Ermano Grattiano might indeed be dead, but there was never any shortage of villains waiting to take his place. Diego was proving to be one of the more determined. Revenge was a potent motivation for anyone; it could even drive a man to piracy and murder. Balthazar knew all too well about revenge.
As he lay back on the bed, the rest of the night came flooding back to him in waves of vivid colour and noise. The flashing dagger, the shouts and commotion of running feet and utter confusion. The explosion. And the woman who peered down at him, her brown eyes filled with sparkling anger, concern and…
And what? He, who had spent years at sea and in rough ports learning to read men as if they were nautical charts because his fortune, his very life, depended on knowing their nefarious plans and deepest desires, could not read her face at all. Her eyes were a beautiful veil, opaque as fine Seville lace. Perhaps her life, too, balanced on knowing the thoughts of others while always hiding her own.
What had she read of him, as she stared down at him in that cacophonous tavern? As she tended his wound so carefully? And where, by all the gods where, had he seen her before?
Suddenly, there was a soft rustle of sheets, and that face was above him as she leaned over him. She must have been sleeping beside him in the bed, for her hair was loose, a river of wild curls over her shoulders, and she wore only a thin white chemise. The candles had burned out, and she was lit by the faint, chalky moonlight streaming from the open window.
He frowned as he stared up at her, studying her in the shadows. That sense of recognition was still there, but it was like a dream that faded with the dawn. The more he grasped for it, the more elusive it was. Yet it was still there, as tantalising as a Venetian perfume.
She was not beautiful, not like the courtesans of his youth, or like Marguerite, Nicolai Ostrovsky’s French wife. Golden, charming creatures of light and air. This woman, his physician tonight, had a thin face with high, sharp cheekbones, a long nose, full lips, and brows like silken raven’s wings.
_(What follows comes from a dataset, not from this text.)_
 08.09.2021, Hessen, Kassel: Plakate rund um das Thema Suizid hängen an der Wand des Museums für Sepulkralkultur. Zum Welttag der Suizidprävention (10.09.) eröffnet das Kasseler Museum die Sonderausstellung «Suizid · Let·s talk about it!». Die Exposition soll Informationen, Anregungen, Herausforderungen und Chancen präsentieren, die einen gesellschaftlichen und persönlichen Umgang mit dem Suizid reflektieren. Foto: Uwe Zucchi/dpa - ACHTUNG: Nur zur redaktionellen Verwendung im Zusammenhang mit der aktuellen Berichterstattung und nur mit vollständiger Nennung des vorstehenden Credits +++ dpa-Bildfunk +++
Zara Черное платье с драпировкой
She obviously did not hide from the tropical sun, for her cheeks and nose were scattered with freckles. Her slim hands, slightly rough from work, had been calm and quick as they tended to him.
Not a pampered lady, then, but not a dockside whore either. He had surely never tupped her, or danced with her at some Venetian ball. But still that feeling persisted. She was not a stranger.
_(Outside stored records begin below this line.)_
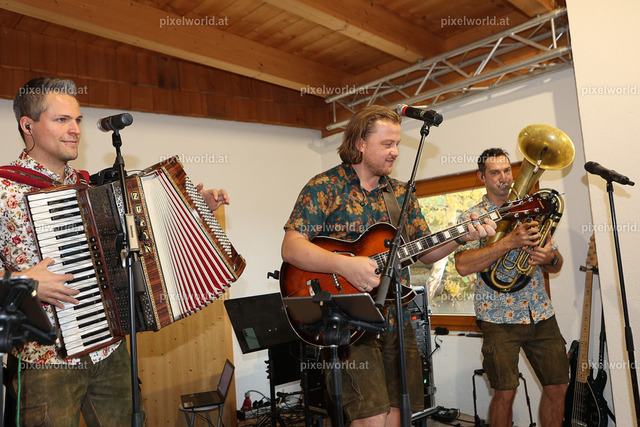 Oktoberfest beim Buggl Volte | Bildershop von pixelworld.at - Realisiert mit Pictrs.com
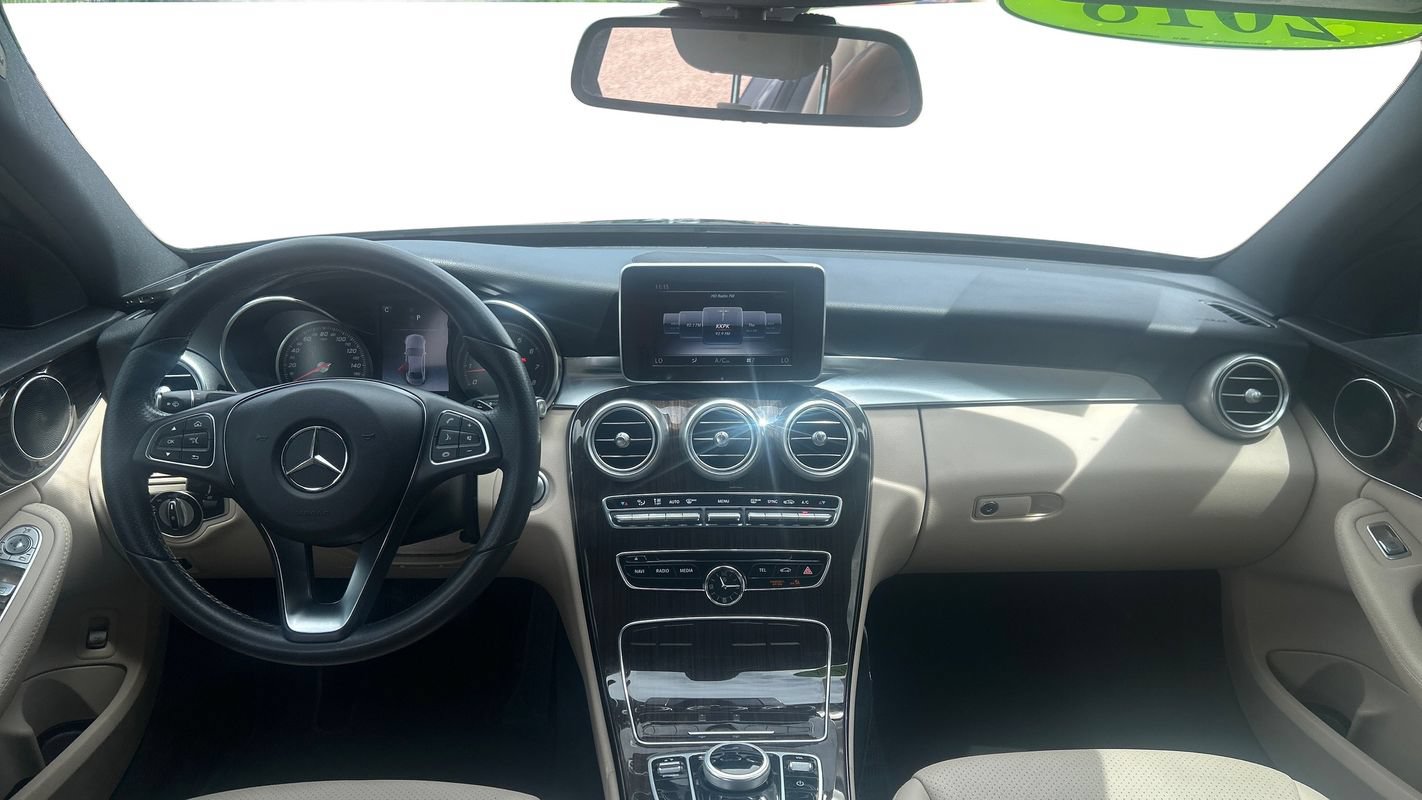 Used 2018 Mercedes-Benz C 300 4MATIC Sedan image 31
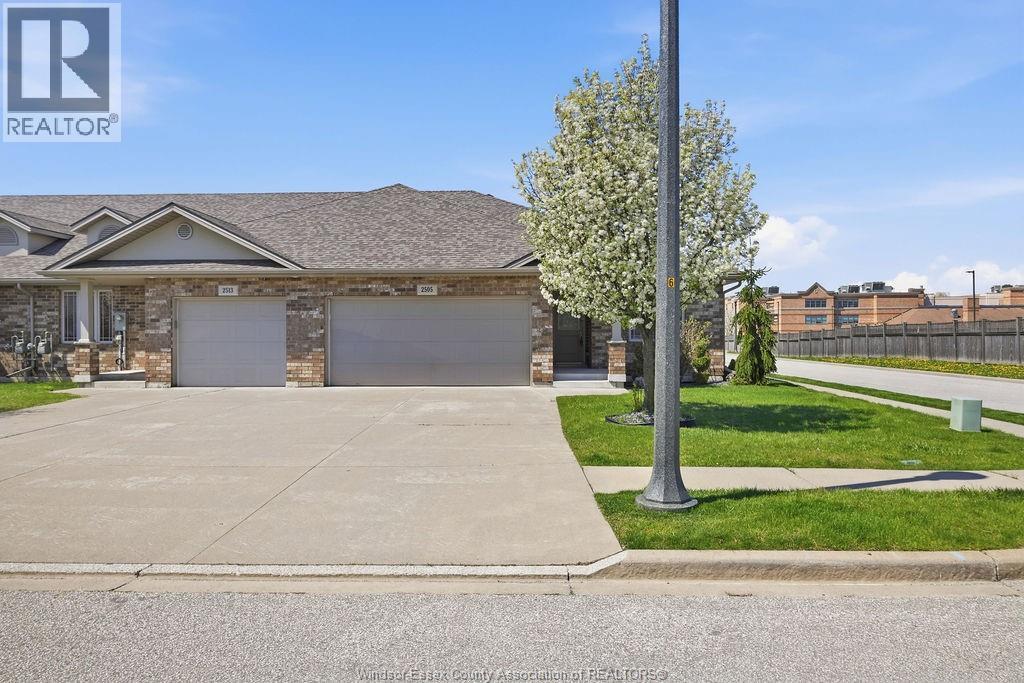 2505 Cypress Avenue, Windsor — primary photograph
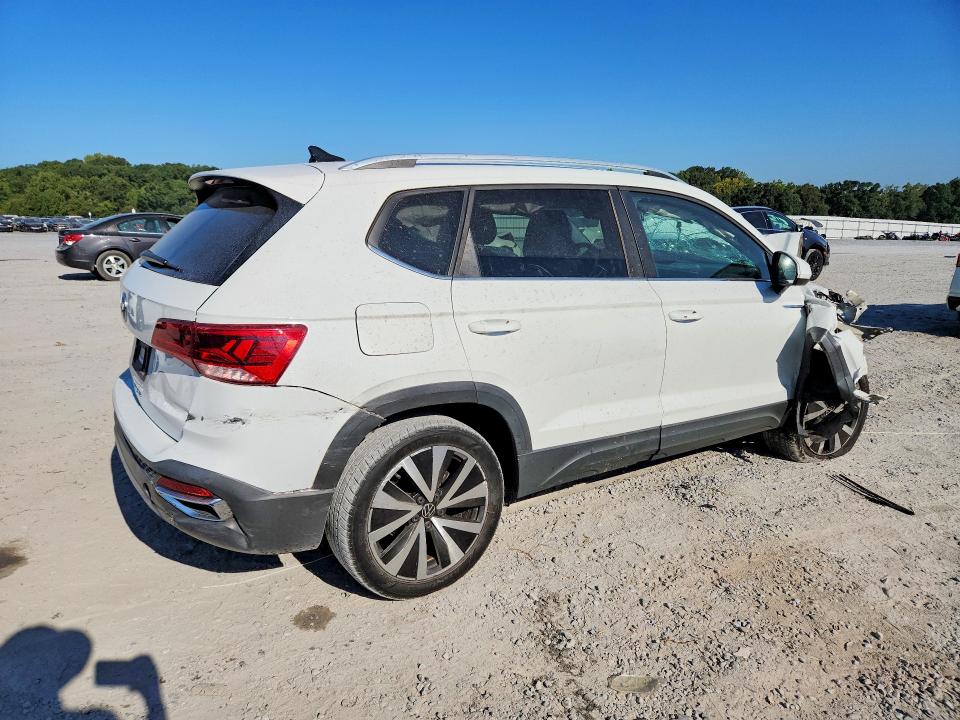 2022 Volkswagen Taos მანქანა იყიდება აუქციონზე, vin: 3VVRX7B26NM009317, აუქციონის ნომერი: 69158086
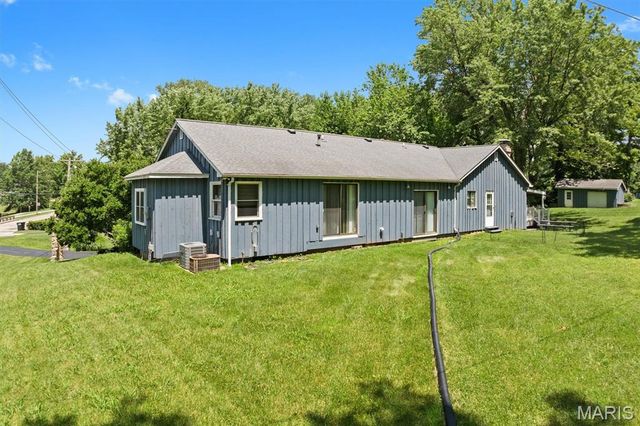 2740 Old Collinsville Road, Belleville, IL 62226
She reached out and gently touched his brow with one of those hands, her fingers cool and steady. The sleeve of the chemise fell back to reveal a thin wrist unadorned by any jewelled bracelets or rings. She smelled of clean water and soap, of ale and some rich tropical flower. Sweet and exotic, strange and familiar, all at once, like the islands themselves.
She smoothed back his tangled hair, her touch resting lightly on his cheek. His rough beard, the product of long days at sea, surely abraded her skin, yet she did not draw away. Her dark eyes watched him, gleaming like obsidian in the night.
And Balthazar felt the most unaccountable, irresistible urge to turn his face into her touch, to kiss the soft inside of her wrist, just where her lifeblood beat so strongly. To taste the palm of her hand with his tongue, until she gasped and that veil was torn away. Until she showed him her true self.
But he merely watched her, warily waiting to see what she would do.